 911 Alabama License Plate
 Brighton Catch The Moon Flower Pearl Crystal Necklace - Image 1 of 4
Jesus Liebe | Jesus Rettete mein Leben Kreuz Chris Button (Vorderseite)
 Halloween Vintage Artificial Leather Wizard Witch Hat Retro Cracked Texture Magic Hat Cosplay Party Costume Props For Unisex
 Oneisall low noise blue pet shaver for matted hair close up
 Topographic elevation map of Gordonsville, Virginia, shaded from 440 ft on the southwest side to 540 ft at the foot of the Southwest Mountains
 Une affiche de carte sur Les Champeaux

...

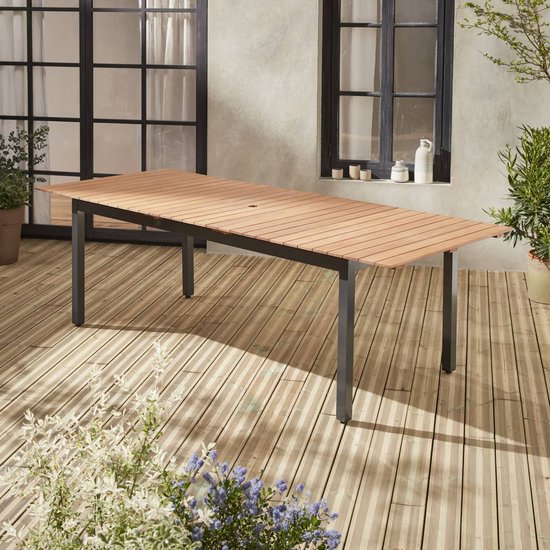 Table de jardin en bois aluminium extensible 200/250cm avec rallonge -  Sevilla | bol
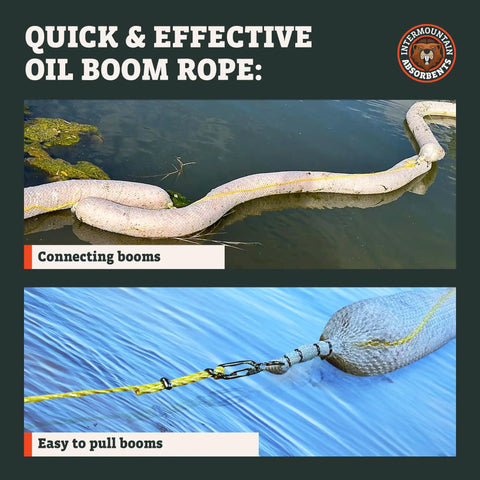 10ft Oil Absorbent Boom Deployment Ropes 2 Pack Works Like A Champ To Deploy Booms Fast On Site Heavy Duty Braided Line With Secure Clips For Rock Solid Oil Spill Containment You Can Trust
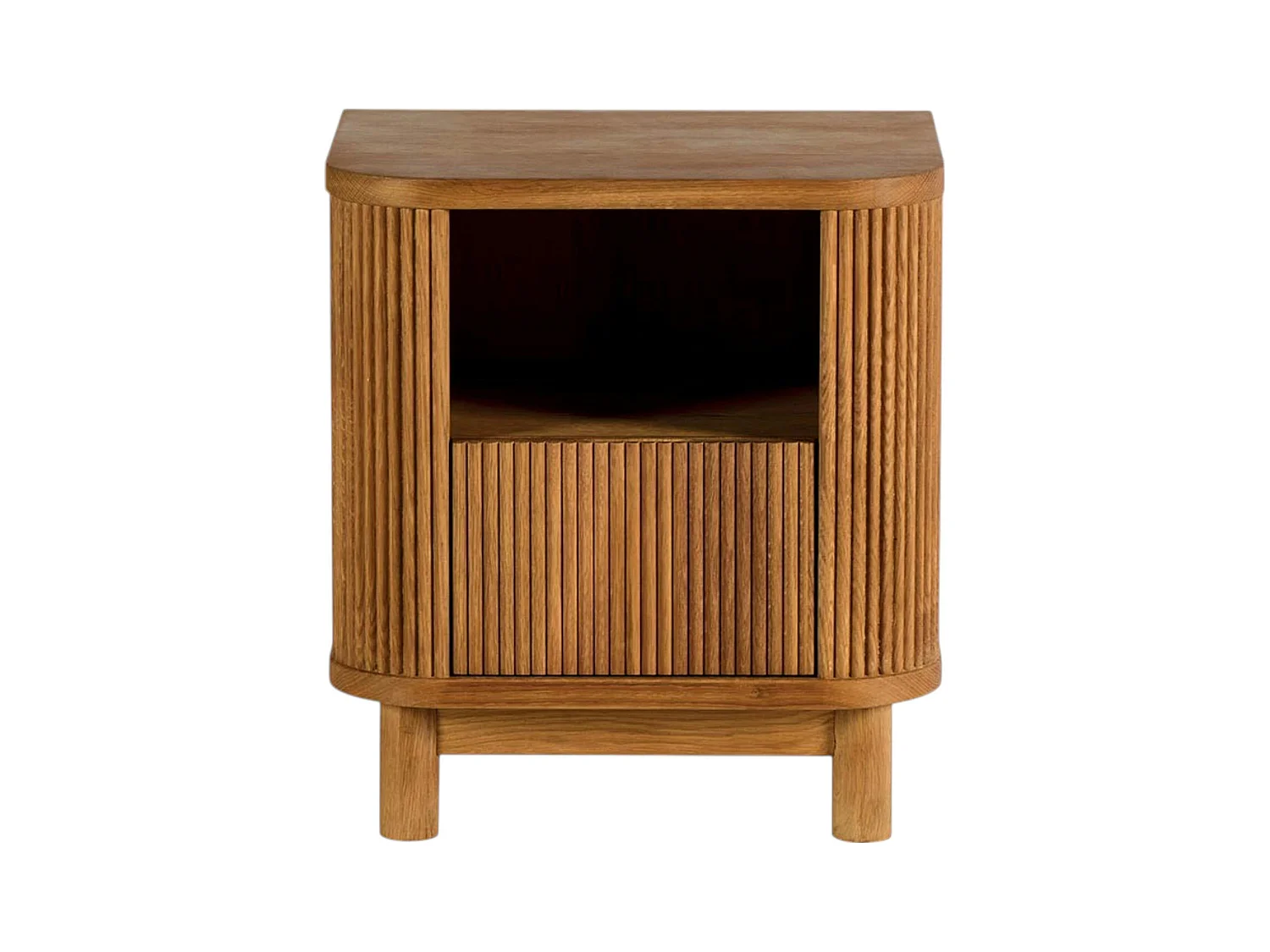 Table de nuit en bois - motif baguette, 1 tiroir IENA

==

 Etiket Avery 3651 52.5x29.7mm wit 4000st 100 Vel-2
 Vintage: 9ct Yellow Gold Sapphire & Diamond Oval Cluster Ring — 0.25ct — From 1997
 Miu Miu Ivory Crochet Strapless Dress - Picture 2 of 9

**Brief**
Give back precisely the lines above that start at the line containing "Oneisall low noise" and end at the line containing "Une affiche de carte sur Les Champeaux", inclusive. No other lines belong in the output.

**Task result**
 Oneisall low noise blue pet shaver for matted hair close up
 Topographic elevation map of Gordonsville, Virginia, shaded from 440 ft on the southwest side to 540 ft at the foot of the Southwest Mountains
 Une affiche de carte sur Les Champeaux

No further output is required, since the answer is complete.